Our staff meeting began with a report about a Technology and Education Conference a teacher attended. He told us how the participants sat with computers open during the presentation and a peek over their shoulder revealed everyone in various states of Facebook/e-mail/ Website browsing with one ear open to the actual presentation. The next item on our agenda was noticing how our kids are so distractable and have a hard time paying attention and focusing on the task at hand. Can we suggest a little connection between these two items?
I am well past the rant that electronic media is destroying everything precious about our humanity. After all, it allows me to write these words so you can read them! But Emerson said long ago “Things are in the saddle and ride mankind,” his poetic way of suggesting that the cart before the horse is a bad arrangement. We are being led by our noses by the machines of our own creation and really have no idea how they are changing us. And this is most important to consider when it comes to children. If we’re going to jump on the “every child with an I-Pad bandwagon,” we should at least not be surprised when they find us live teachers less interesting that whatever else is a button click away. We should stop calling them ADD and drugging them as if it was their personal problem when the whole culture flow is toward a hyper-manic sensory assault that breeds distractability and short attention spans.

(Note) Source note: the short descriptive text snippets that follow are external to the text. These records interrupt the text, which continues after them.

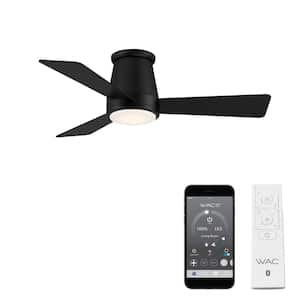 44 in. Matte Black with 3000K LED Hug Indoor and Outdoor 3-Blade Smart Flush Mount Ceiling Fan Light Kit and Remote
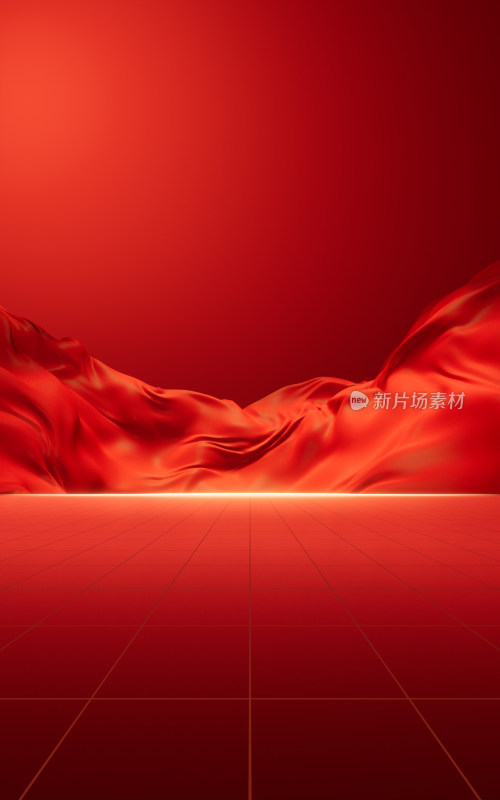 红色流动布料背景3D渲染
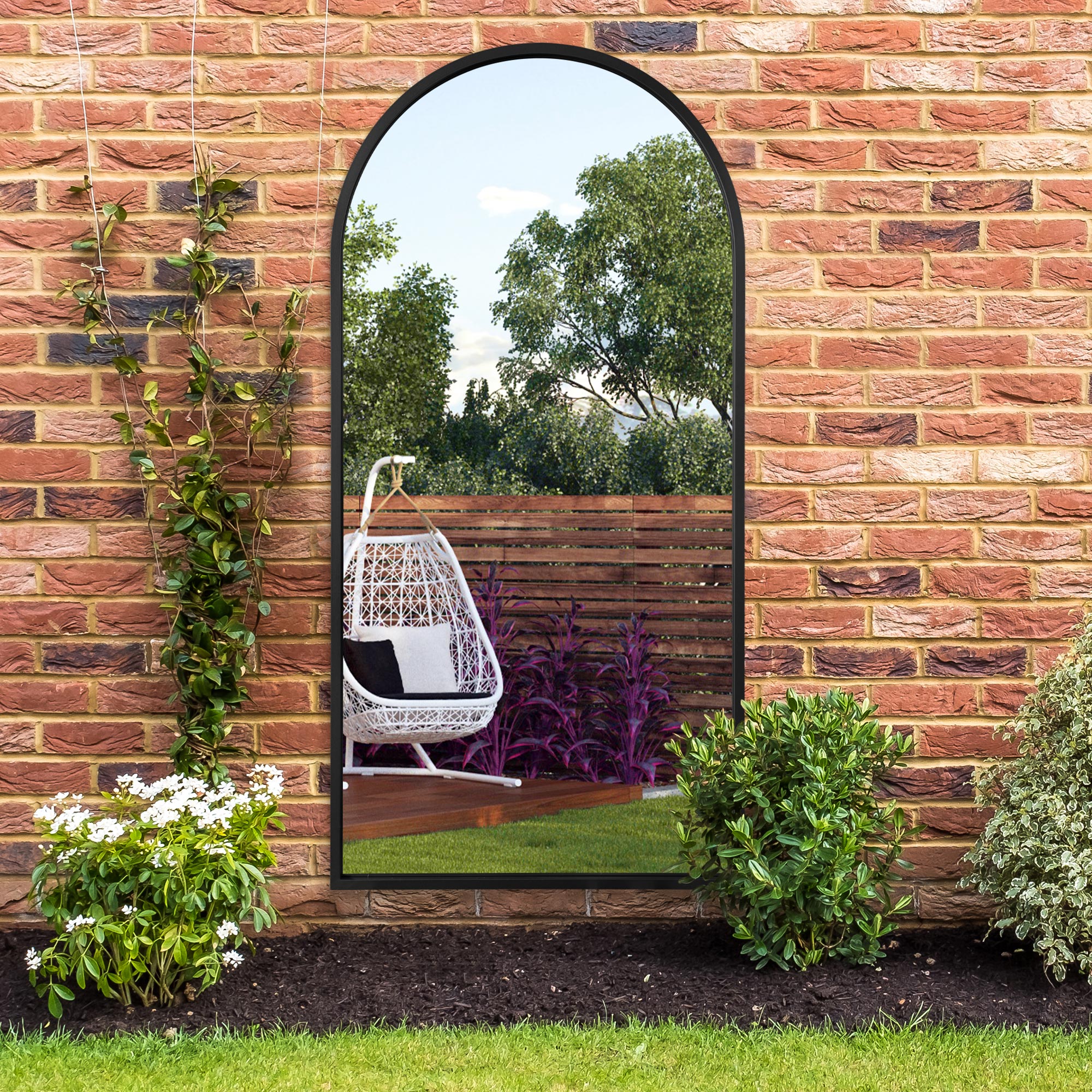 The Arcus - Black Metal Framed Arched Garden Wall Mirror 63" X 31" (160CM X 80CM) (15010545238394)
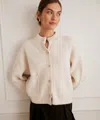 Naadam Ultra Luxe Cashmere High Neck Cardigan In White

The fact is that the kids at our school have trouble with silence, focused listening, being still. And it certainly is not wholly the effect of electronic media. Our own school culture, which we adults are in charge of, is partly the culprit. We treat our kids as if they’re God’s gift to the world. And they are! But in an overpopulated world, there’s not room or time for all of God’s creatures to constantly proclaim their genius without raising their hand. And even then, there might not be time to call on them.

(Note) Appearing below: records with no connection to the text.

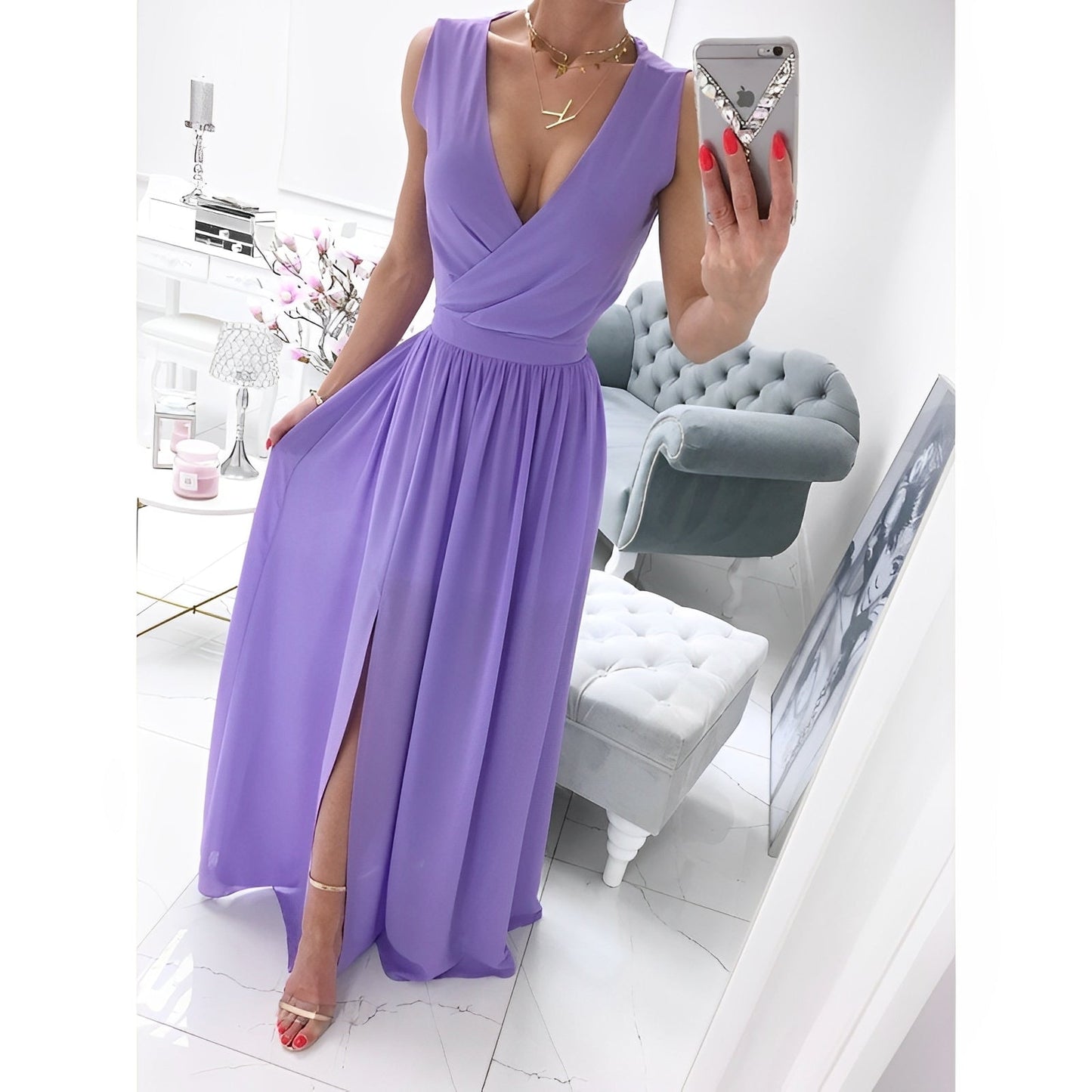 Vestido Largo Blanco sin Mangas con Botones de Madera | Ideal para Primavera y Verano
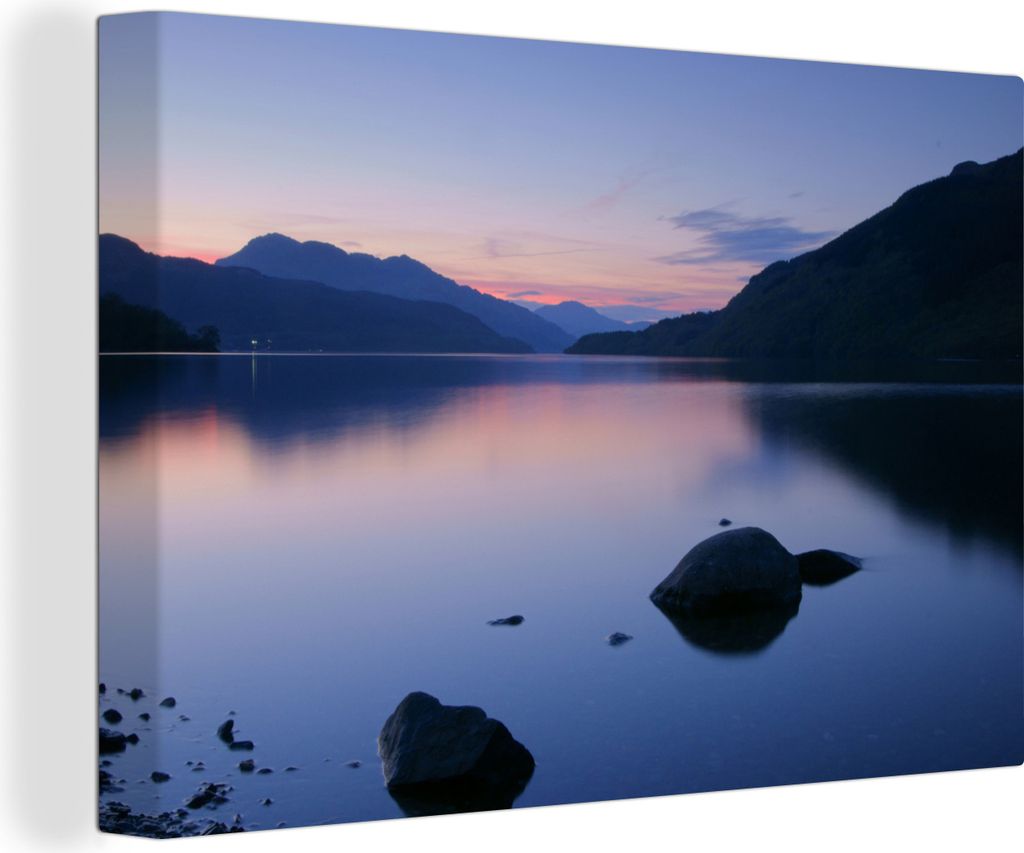 OneMillionCanvasses - Leinwandbilder - 140x90 cm, Sonnenuntergang über Loch Lomond im europäischen Schottland, Wandbilder Kunstdruck Wanddekora...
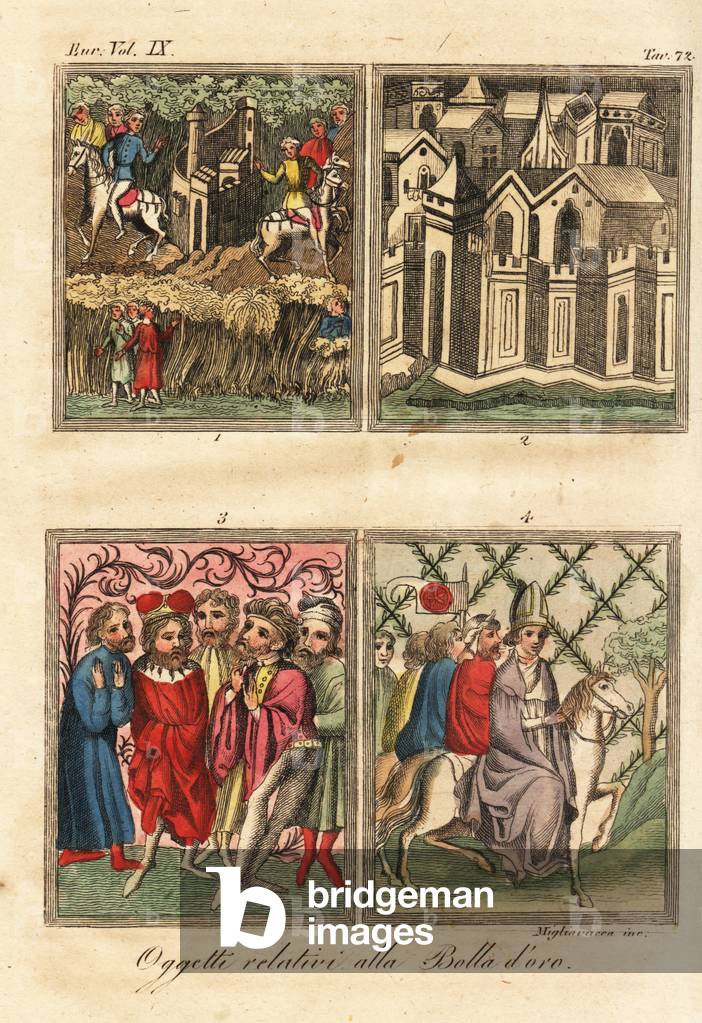 Miniatures from the Golden Bull, 1365 (handcoloured copperplate engraving)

At my school, we are so interested in the kids’ ideas and so encouraging of them to express themselves that we forgot to tell them that, to put it bluntly, they need to shut-up every one in a while. And of course, telling them isn’t enough. If we really want them to enjoy the golden glow of occasional silence, we need to create a practice of silence and composure and attention. We do it in our Montessori preschool where 38 children from three to five years old eat lunch in absolute silence. We just need to start valuing it enough to create a time and space and means for them to practice stilling their monkey minds. They need to learn how to install a little roadblock between their mouth and their thoughts, to understand that while their ideas are occasionally fascinating, they’re not consistently so and don’t merit interrupting the teacher’s own valued words.

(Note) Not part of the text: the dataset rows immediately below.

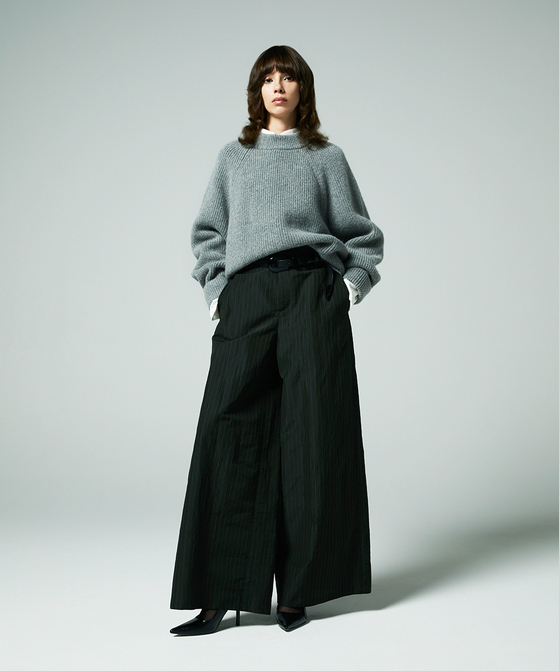 EAUVIRE ストライプワイドパンツ カーキストライプ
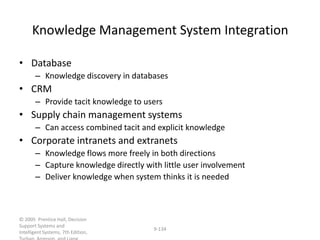 Knowledge Management System Integration
• Database
– Knowledge discovery in databases

• CRM
– Provide tacit knowledge to users

• Supply chain management systems
– Can access combined tacit and explicit knowledge

• Corporate intranets and extranets
– Knowledge flows more freely in both directions
– Capture knowledge directly with little user involvement
– Deliver knowledge when system thinks it is needed

© 2005 Prentice Hall, Decision
Support Systems and
Intelligent Systems, 7th Edition,

9-134

 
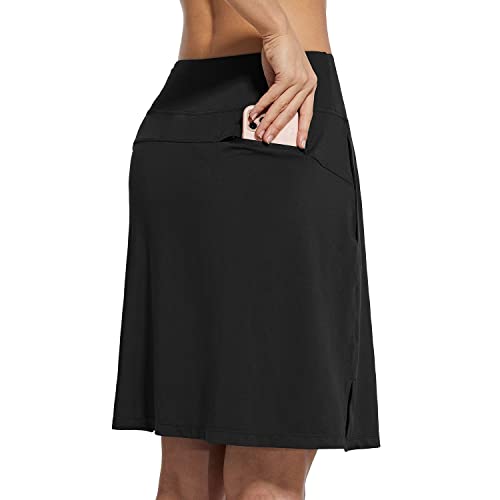 Women's Black Knee Length Pickleball Skort with Pockets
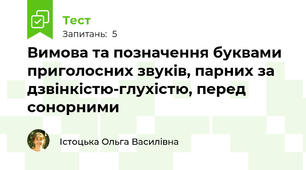 Вимова та позначення буквами приголосних звуків, парних за дзвінкістю-глухістю, перед сонорними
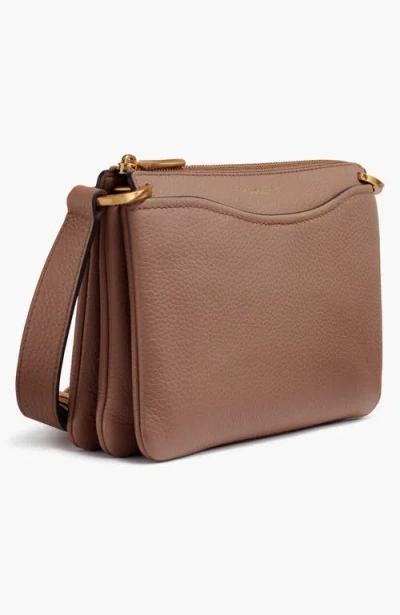 Donna Karan Glenwood Leather Shoulder With Tassel Detail In Brown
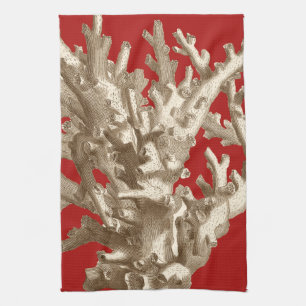 Small Coral in Red Kitchen Towel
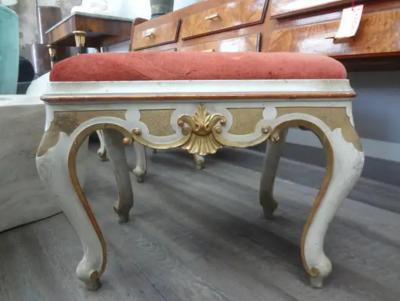 Pair of 19th Century Italian Painted and Gilt Ottomans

More and more I see that the kids who are happiest and most confident and most competent are the kids that can filter their thoughts, still their bodies, calm their excitement. There are exceptions, kids driven by a passion to a point of hyperactivity, but most kids, like most adults, need to direct their thinking, temper their emotion and feel at home in their bodies. Some of that is internally driven by personal chemistry, history, personality, character and some is culturally created, as noted above, with both kids merely reflecting back to us what we’re giving them. Which makes it all the more important to create practices of attention, habits of silence, rituals of attention. To create in our own school communities a culture of composure.
It's a conversation worth having. Around a table with computers closed.